Action item: Pull out of the data below the stretch of lines bounded by the one containing "Figure 1 From" and the one containing "Mommy Makeover #3 - Before and After", both bounds included, unchanged.
********
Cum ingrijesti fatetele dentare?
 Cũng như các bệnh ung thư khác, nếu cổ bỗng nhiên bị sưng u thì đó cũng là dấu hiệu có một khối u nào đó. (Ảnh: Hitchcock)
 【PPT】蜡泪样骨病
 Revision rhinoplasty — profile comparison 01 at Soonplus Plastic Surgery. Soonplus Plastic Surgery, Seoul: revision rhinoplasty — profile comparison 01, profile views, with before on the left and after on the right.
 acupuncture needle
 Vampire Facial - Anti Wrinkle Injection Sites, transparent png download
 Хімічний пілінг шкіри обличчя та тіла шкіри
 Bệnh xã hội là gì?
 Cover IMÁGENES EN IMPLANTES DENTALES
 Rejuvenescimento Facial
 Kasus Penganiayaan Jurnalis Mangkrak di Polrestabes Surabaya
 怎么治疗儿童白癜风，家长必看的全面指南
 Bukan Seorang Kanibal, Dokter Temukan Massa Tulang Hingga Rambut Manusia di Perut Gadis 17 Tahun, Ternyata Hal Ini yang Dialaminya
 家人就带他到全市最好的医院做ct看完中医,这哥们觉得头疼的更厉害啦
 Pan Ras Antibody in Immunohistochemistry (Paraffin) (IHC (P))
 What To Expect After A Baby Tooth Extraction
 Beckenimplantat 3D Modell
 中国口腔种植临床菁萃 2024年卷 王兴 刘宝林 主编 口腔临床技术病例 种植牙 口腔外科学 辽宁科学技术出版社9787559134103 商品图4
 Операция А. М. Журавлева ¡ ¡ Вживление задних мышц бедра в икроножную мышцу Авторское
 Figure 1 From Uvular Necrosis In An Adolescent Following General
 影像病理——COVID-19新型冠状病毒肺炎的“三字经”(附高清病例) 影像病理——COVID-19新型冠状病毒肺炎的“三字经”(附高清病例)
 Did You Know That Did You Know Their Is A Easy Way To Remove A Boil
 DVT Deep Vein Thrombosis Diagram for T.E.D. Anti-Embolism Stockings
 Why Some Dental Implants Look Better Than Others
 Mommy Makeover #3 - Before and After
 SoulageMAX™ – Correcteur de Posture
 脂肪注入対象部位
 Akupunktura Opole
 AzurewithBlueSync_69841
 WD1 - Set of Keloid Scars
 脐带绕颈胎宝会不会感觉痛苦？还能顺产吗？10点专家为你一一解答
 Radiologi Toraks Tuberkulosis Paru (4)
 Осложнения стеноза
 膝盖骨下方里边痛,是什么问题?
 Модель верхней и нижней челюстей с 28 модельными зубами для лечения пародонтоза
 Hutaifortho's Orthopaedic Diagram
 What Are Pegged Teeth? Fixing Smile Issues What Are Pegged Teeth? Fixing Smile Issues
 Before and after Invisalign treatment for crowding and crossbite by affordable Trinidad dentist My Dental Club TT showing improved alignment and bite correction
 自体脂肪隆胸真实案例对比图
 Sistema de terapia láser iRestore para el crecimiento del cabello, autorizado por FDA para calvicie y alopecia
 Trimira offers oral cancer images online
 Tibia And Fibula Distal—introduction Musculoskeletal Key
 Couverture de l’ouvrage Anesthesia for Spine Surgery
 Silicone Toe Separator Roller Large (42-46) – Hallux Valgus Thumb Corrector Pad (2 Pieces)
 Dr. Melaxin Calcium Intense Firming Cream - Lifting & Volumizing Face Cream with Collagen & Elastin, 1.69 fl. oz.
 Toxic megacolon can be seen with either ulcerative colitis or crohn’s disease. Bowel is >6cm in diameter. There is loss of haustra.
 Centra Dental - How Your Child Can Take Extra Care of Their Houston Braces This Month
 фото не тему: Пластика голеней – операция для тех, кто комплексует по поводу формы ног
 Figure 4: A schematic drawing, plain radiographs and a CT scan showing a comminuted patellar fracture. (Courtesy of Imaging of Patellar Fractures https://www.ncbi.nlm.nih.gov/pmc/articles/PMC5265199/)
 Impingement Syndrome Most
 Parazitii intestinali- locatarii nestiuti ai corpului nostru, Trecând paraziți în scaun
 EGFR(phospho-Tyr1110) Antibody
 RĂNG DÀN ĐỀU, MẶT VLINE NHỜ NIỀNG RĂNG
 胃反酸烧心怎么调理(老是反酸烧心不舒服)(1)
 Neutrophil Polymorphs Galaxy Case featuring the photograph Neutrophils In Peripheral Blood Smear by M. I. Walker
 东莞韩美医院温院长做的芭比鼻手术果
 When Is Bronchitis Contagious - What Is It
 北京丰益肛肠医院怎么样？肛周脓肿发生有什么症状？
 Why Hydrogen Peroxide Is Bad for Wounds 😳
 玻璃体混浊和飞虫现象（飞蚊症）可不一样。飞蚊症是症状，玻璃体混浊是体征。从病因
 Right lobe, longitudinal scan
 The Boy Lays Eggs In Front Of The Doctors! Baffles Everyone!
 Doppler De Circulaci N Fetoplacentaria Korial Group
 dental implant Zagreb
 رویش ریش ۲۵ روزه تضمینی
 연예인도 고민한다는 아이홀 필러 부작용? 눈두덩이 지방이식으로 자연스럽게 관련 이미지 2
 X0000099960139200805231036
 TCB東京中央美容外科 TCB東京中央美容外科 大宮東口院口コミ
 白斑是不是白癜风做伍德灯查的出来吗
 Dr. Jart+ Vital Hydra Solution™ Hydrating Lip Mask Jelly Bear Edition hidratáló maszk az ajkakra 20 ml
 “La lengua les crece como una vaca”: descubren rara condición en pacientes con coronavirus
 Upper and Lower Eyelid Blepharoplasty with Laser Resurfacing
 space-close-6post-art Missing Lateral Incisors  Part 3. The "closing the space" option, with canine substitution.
********
Task answer:
 Figure 1 From Uvular Necrosis In An Adolescent Following General
 影像病理——COVID-19新型冠状病毒肺炎的“三字经”(附高清病例) 影像病理——COVID-19新型冠状病毒肺炎的“三字经”(附高清病例)
 Did You Know That Did You Know Their Is A Easy Way To Remove A Boil
 DVT Deep Vein Thrombosis Diagram for T.E.D. Anti-Embolism Stockings
 Why Some Dental Implants Look Better Than Others
 Mommy Makeover #3 - Before and After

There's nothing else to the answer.